Updated: May 1, 2020




My very first freelance project involved writing social media copy for a nonprofit. As Lewis Commercial Writing grew, we maintained social media writing as one of our deliverables. It was one of the easiest projects to land: everyone needs social media copy. 

But last year we finally cut it out. We began turning down projects to write social copy and haven't written for social (other than our own) since.

Why?

Why cut ourselves off from easy money-making opportunities? It came down to the trade-off, the opportunity cost.


Cutting out the busy work


From the start, social media projects had been busy work that helped us maintain easy cash flow. Busy work is fine for a season, but it eventually stops freelancers from landing larger, more challenging projects.


Admittedly, this was a fairly easy decision. We'd been ready to cut social media writing from our offerings for a while. But the second cutoff point we established recently was far more challenging.

Two weeks ago we told a prospective client, for the first time ever, that we no longer offer blog writing services to new clients. 

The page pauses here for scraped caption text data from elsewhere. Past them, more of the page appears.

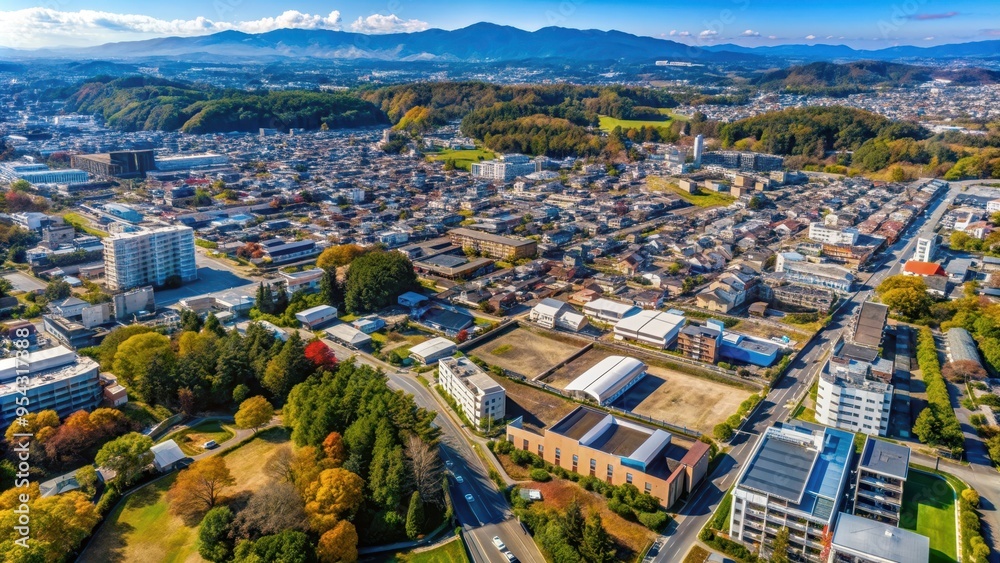 Naklejka premium Aerial view of the cityscape of Soka City, Saitama Prefecture, Japan taken by a drone, Soka City, Saitama, Japan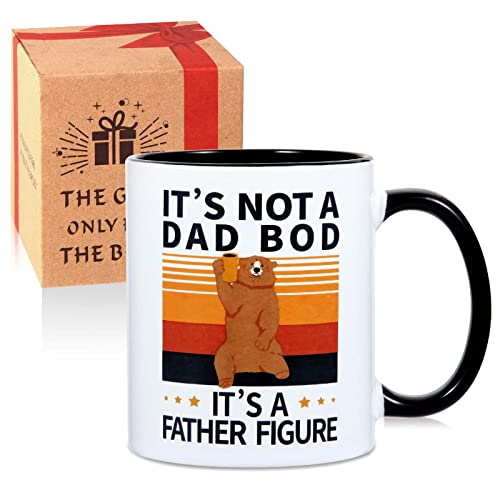 evecase Tazza per la festa del papà, con scritta in lingua inglese "It's Not a Dad BOD,It's a Father Figure", tazza per la festa del papà, regalo per uomo/lui, regalo per la festa del papà da figlia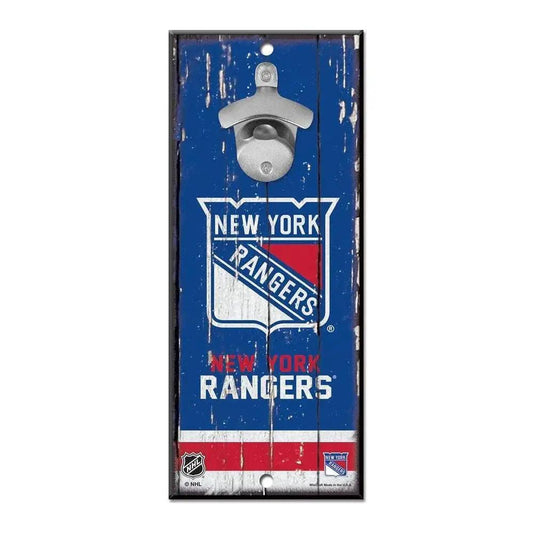  New York Rangers Wood Sign 5x11 Bottle Opener Wall Mount -  ToylandEU™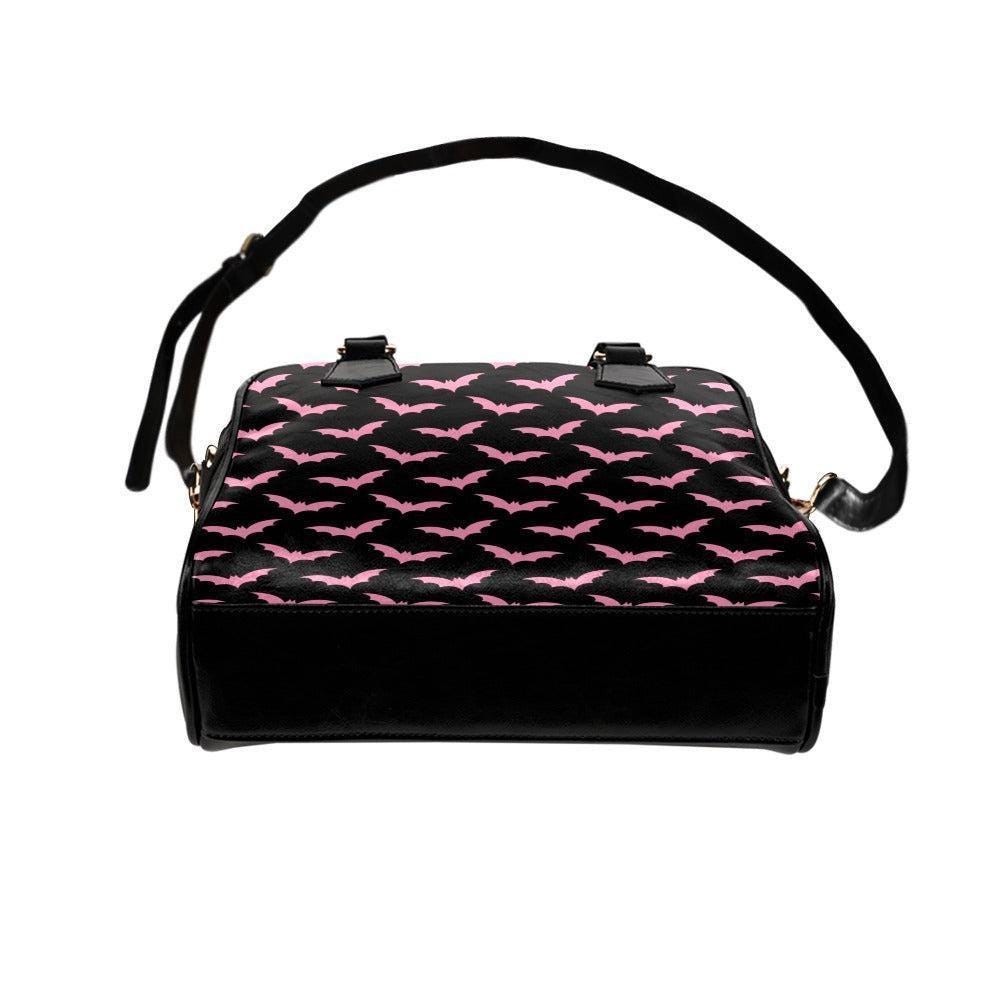 Pink Bat Satchel Purse, Black Handbag with Strap, Pastel Goth Everyday Bag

Again: What were we thinking? Why on earth would we turn down work?

Our reasoning comes down to a process I’ll call upskilling.


Upskilling: A promotion for the self employed

Upskilling is the willingness to leave behind lower-skill projects for those requiring greater expertise. As you improve as a freelancer, you turn down simpler projects to open your calendar for more challenging work.


This ensures two things. First, that we can provide higher-level value to our clients because we have the time and energy to solve larger marketing and business problems. Second -- and this part is key-- we face less competition.

The goal for every freelancer should be to continuously upskill. Each of us only has so much deep work to apply in a given week. Social media and blog writing, while relatively easy to learn, can drain as much creative energy as solving much larger creative problems. 


The upskilling trajectory

For many freelancers, upskilling really comes down to one thing. The key is that your upward shift—your retooling and upskilling process—is one of continuously replacing task work for idea work

Task work is everything we’ve already discussed: the projects every business needs and many freelancers can deliver on. Idea work involves higher-level, higher-value thinking (which is gained through understanding the systems at play when creating high-performing task work).

This process is natural in a corporate environment. It’s just moving up the corporate ladder: from helper to creative to manager to decision-maker.

This same upward momentum doesn’t happen organically for freelancers. We must force it by choosing to cut certain services and replace them with new ones. 

It might involve creating strategies for blogs instead of writing the blogs themselves or managing social media creators instead of actually creating the content. It ultimately involves solving larger business problems by understanding how systems work. 

To learn how systems work, usually you must endure the task work that comes with that system. 


Give yourself a promotion

It’s not easy to shift from task work to idea work. But upskilling is a natural way to scale a professional services business. In the world of freelance, you have to approve your own promotions. You don’t have a boss to take you from blog writer to content manager. 

You have to give yourself a promotion now and then, because no one else can do that for you.